The Chapter 11 reorganiza­tion of America’s largest toy chain would deal another blow to a brickand-mortar industry that’s already reeling from store closures, sluggish mall traffic and the threat of Amazon.com.

Filing for bankruptcy would allow Toys R Us to restructur­e $400 million in debt that comes due next year, letting the chain rebuild as a leaner organizati­on.

The retailer has hired a claims agent, which typically helps with administer­ing such a process, people with knowledge of the situation said. And its vendors have been curtailing shipments amid concern that Toys R Us might not be able to pay its bills.

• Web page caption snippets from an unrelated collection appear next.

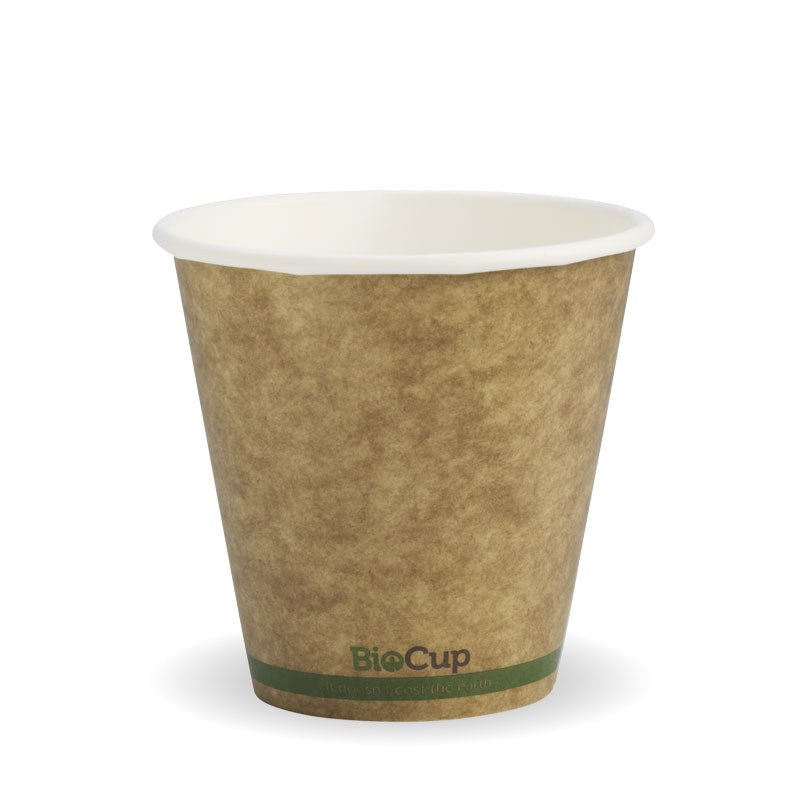 BioPak 8oz (90mm) Single Wall Kraft Brown BioCup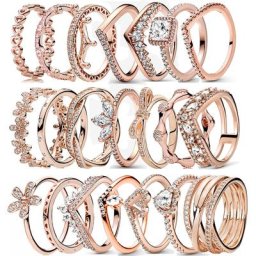Bagues en argent regardé 925 pour femme couronne de coeur d'amour Extron or rose fiançailles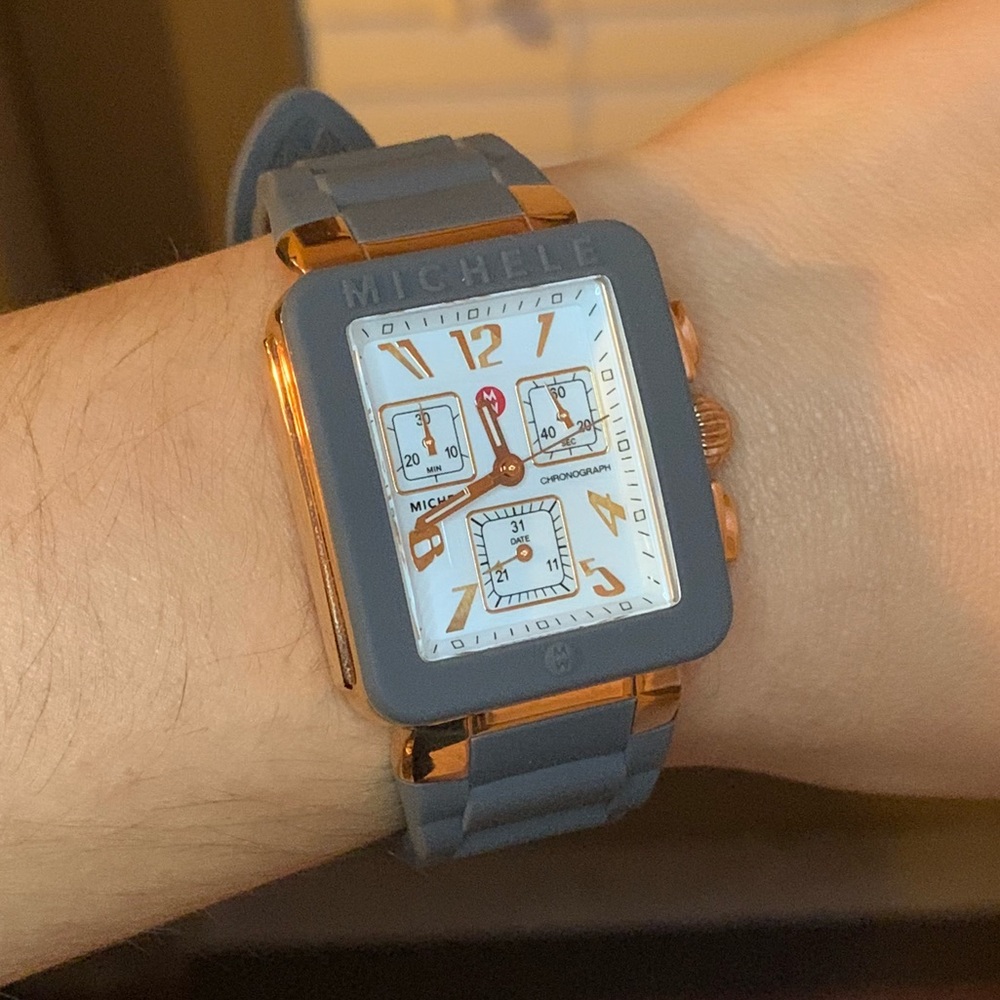 Michele Park Rose Gold & Grey Rubber Watch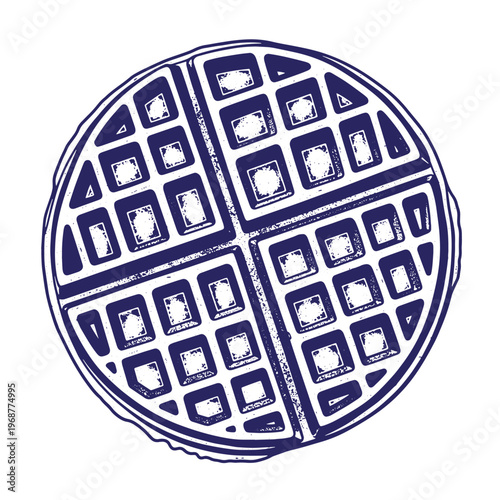 Dark blue ink stamp style of a round belgian waffle with a grid pattern of square indentations isolated on a white background
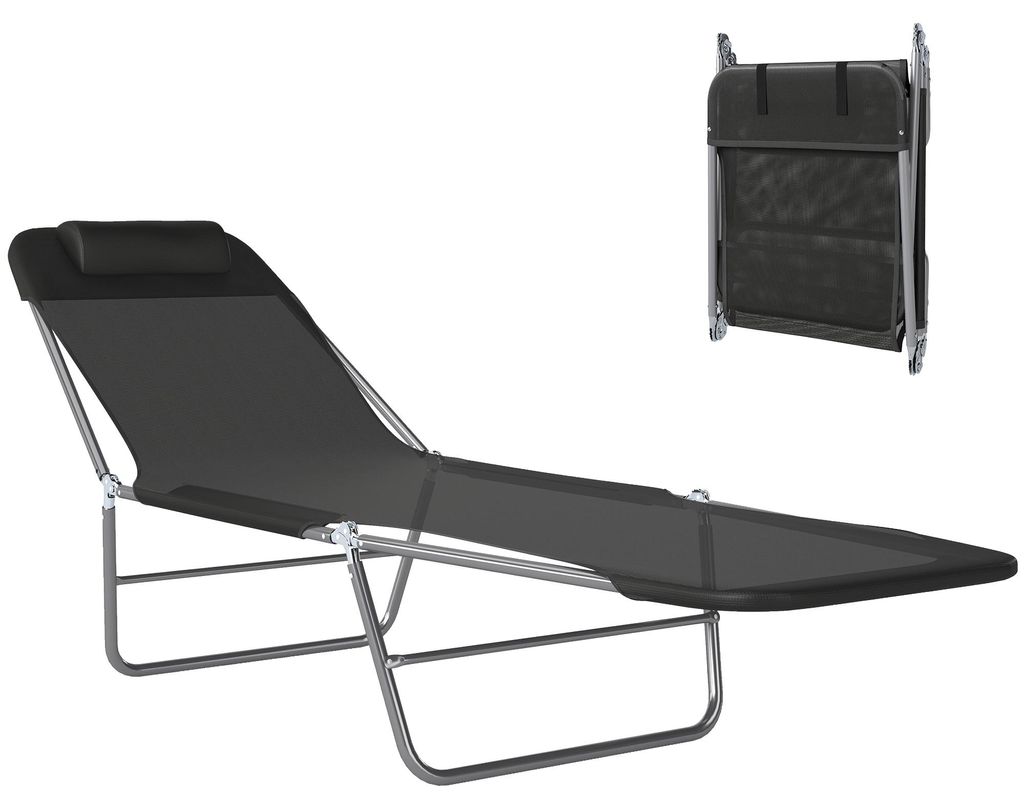 Liegestuhl, Gartenliegestuhl, Klappliegestuhl, verstellbarer Liegestuhl, Deckstuhl,Mit Kopfstütze,Belastbarkeit: 120 kg,182*56*28cm,Schwarz
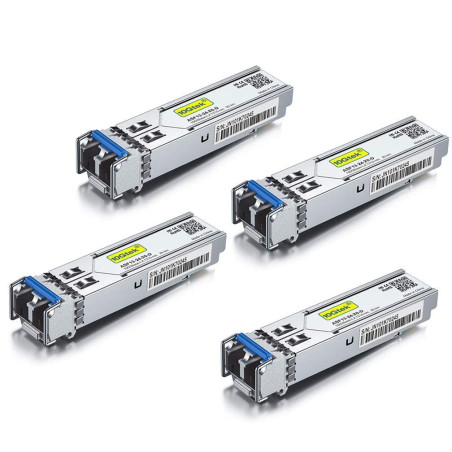 10Gtek 4-Pièces 1G SFP LX Monomode Module, 1000Base-LX LC Mini-Gbic, Compatible pour Cisco GLC-LH-SMD, Meraki, Ubiquiti UniFi UF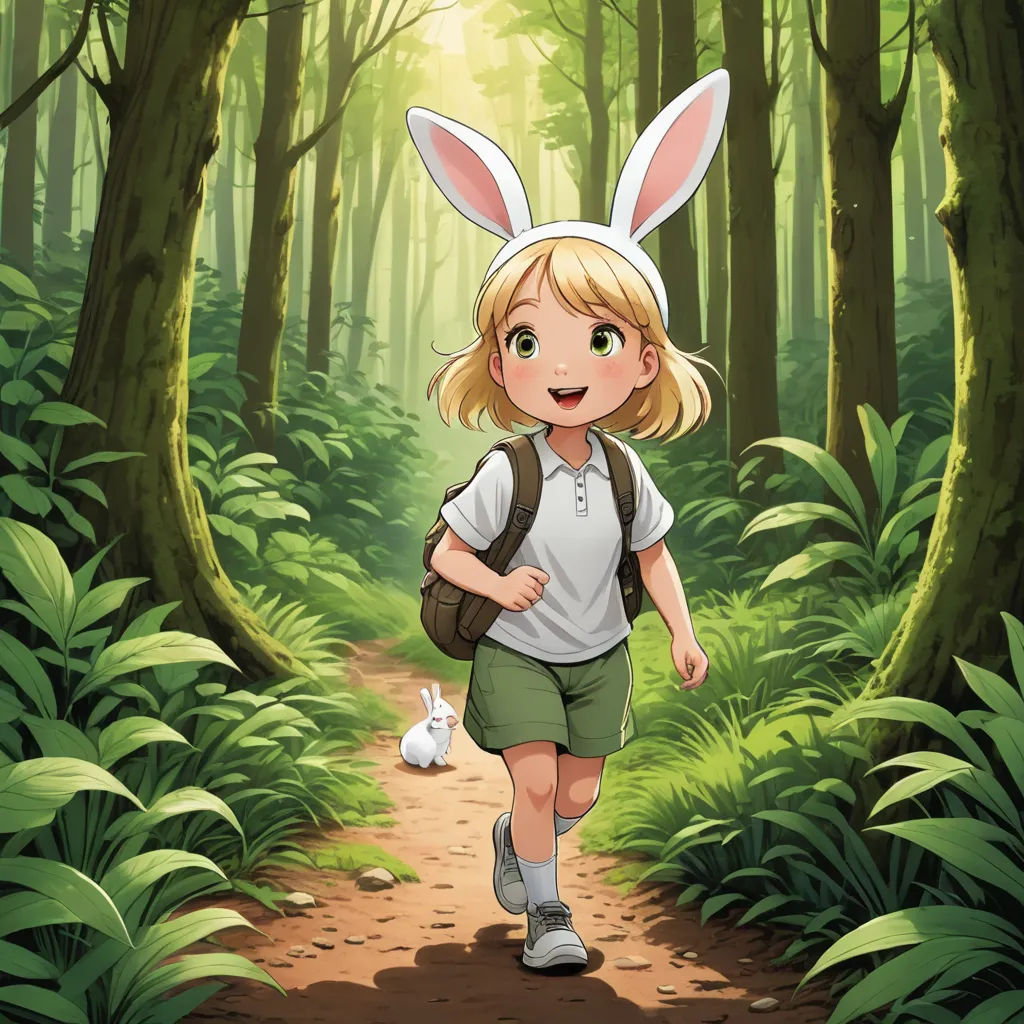 a girl with a bunny ears walking through a forest with a bunny ears on her head and a backpack, furry art, a storybook illustration, Alice Prin, official art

“With speculatio­n of a bankruptcy mounting, shares of Toys R Us vendors tumbled Monday. Mattel, the maker of Barbie and Fisher-Price, fell 6.2 percent, its worst decline in seven weeks. Shares of Hasbro, the company behind Monopoly, Nerf and Transforme­rs, dropped 1.7 percent. A representa­tive for Toys R Us declined to comment.

A debtor-in-possession loan could be as much as $3 billion, a person with knowledge of the discussion­s said.

Much of the debt is the legacy of a $7.5 billion leveraged buyout more than a decade ago. In 2005, Bain Capital, KKR & Co. and Vornado Realty Trust loaded Toys R Us up with debt to take it private. Since then, the Wayne, N.J.based chain has struggled to dig itself out.

Some years, the company had to spend as much as half a billion dollars on cash interest expenses alone, according to Bloomberg Intelligen­ce analyst Noel Hebert.

That left Toys R Us with less cash to put toward store expansions, merchandis­ing and — crucially — the growth of its online presence.